Will the fight between Israel and Hezbollah trigger a new civil war in Lebanon?

The battle between Israel and the Shiite militias of Hezbollah on the other side of the border threatens to unleash a new civil war in Lebanon. Shiite refugees from the war zone in southern Lebanon are fleeing to nearby Christian and Druze communities, which are blocking the mass access of said refugees to their areas. This could easily lead to a confrontation between those communities and Hezbollah, which in turn could lead to a nationwide conflagration. This time, the balance of power could shift, leaving behind a profoundly transformed country and region. Let’s look at the implications.

The last Lebanese civil war lasted 15 years, killed 150,000 people, and ended in 1990. It began with unrest between Lebanese Christians (who were largely Maronite) and Palestinian Muslim refugees, whose population had grown enough to create a Muslim majority in the country, including local Sunnis and Shiites. So the Christian pro-Western faction allied with Israel was confronted by a coalition of pan-Arabists, Muslims, and leftists. Yes, leftists – this was the height of the Cold War, and any tendency sympathetic to the West was immediately associated with imperialism. Those who resisted were associated with liberation, revolution, and the Soviet-oriented countries of the time, such as Syria, Iraq, and Libya. It sounds like ancient history, a time when the world was becoming familiar with obscure terms like Druze, Maronite, and PLO.

That’s a very rough sketch, because alliances were constantly changing and non-aligned Iran entered the fray, eventually becoming the dominant power in the country through its Shiite proxy Hezbollah. At one point, in the Reagan era, the US tried to intervene, sending in troops and being driven out by truck bombs and guerrilla warfare. Oddly enough, tired of the constant threat of instability from civil war to a strategically important oil-producing region, the West agreed to an outcome that favored its opponents. Over time, Syria and Iran emerged as the winners in Lebanon. The US quietly allowed Lebanese banks to operate with lax regulations to allow for rapid capitalization and reconstruction. As a result, money laundering and smuggling at the ports became increasingly common, and continues to this day, particularly in support of Hezbollah. Dark money from all over the world flowed into the country, even from drug cartels. This corruption had global ramifications, with Hezbollah establishing a presence in Venezuela and entering the gold, oil, narco and other markets that benefited the Maduro hierarchy. Meanwhile, unsurprisingly, all attempts to sanction Syria, for example, proved futile due to neighboring Lebanon’s open back door to the world.

Much has changed since the first Lebanese civil war, and some things have changed again. The Soviet Union collapsed and the international leftist bien-pensant bloc disappeared, as did the Iraqi and Libyan regimes.
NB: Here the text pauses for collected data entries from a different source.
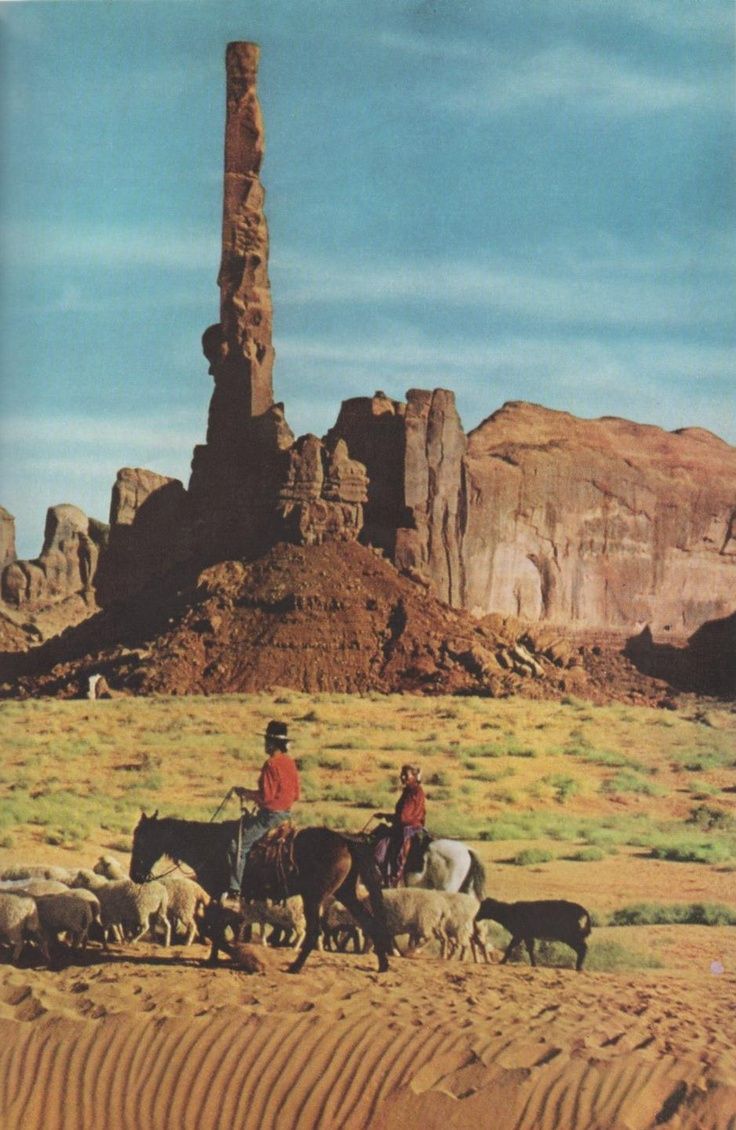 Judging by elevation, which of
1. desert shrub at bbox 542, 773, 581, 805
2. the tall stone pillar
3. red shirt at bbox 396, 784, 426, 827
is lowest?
desert shrub at bbox 542, 773, 581, 805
Syria disintegrated. But Iranian influence remains, and Russia is back, both in Syria and potentially as a supporter of Iran in Lebanon, but increasingly neutralized by its distraction in Ukraine. Anti-Western pan-Arabism is no longer a significant force, nor is a claim to national liberation, for after all, the Mullahs in Tehran run Hezbollah while Russia has troops in Syria. Certainly, anti-Israel sentiment is once again widespread in Lebanon, at least for the time being, until internal factionalism complicates sympathies later. And therein lies the rub—for if there is a clear possibility of renewed civil war, there is also a strong possibility of power shifts and altered outcomes.

While many Lebanese currently agree that Israel is the bad guy, not least because of its potential to destabilize the country, there is absolutely no national consensus on who the good guys are. That means no ideological unity on “resistance,” on defending Arab lands, on Hezbollah as heroic defenders of last resort. Many quietly think that Israel could even lead the way in throwing off the Hezbollah/Iran yoke that has frozen the country’s fate for decades. From a very sober perspective—not uncommon in the region—Israel’s exhaustion of Hezbollah’s military and financial resources could mean liberation from the legacy of the old civil war.
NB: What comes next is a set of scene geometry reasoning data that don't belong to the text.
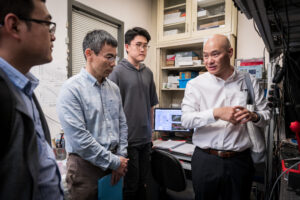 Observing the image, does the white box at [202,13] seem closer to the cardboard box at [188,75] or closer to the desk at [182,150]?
the cardboard box at [188,75]

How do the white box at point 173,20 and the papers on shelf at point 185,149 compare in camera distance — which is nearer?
the papers on shelf at point 185,149

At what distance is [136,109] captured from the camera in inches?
67.7

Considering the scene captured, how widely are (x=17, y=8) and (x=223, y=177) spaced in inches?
49.8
For that to happen, there are two options. 1) A rival power like the West must replace Iran as a cohesive presence, but that seems unlikely with the current focus on Ukraine and Taiwan. 2) Israel must launch a diplomatic offensive for regional allies to fill the vacuum left by an exhausted Hezbollah. Otherwise, the age-old criticism applies – that Israel has the power to wage war but not to make lasting peace in its neighborhood, to destroy but not to restore, and therefore ends up in endless wars with no permanent security. Who might those states be? Certainly the Abraham Accords, possibly including Turkey and Egypt. None of them would die to help Bibi Netanyahu in the current climate, but if the incentive is to replace Iran as hegemon, and parade as peacemakers, especially after a prolonged period of civil war, then the outlook could change.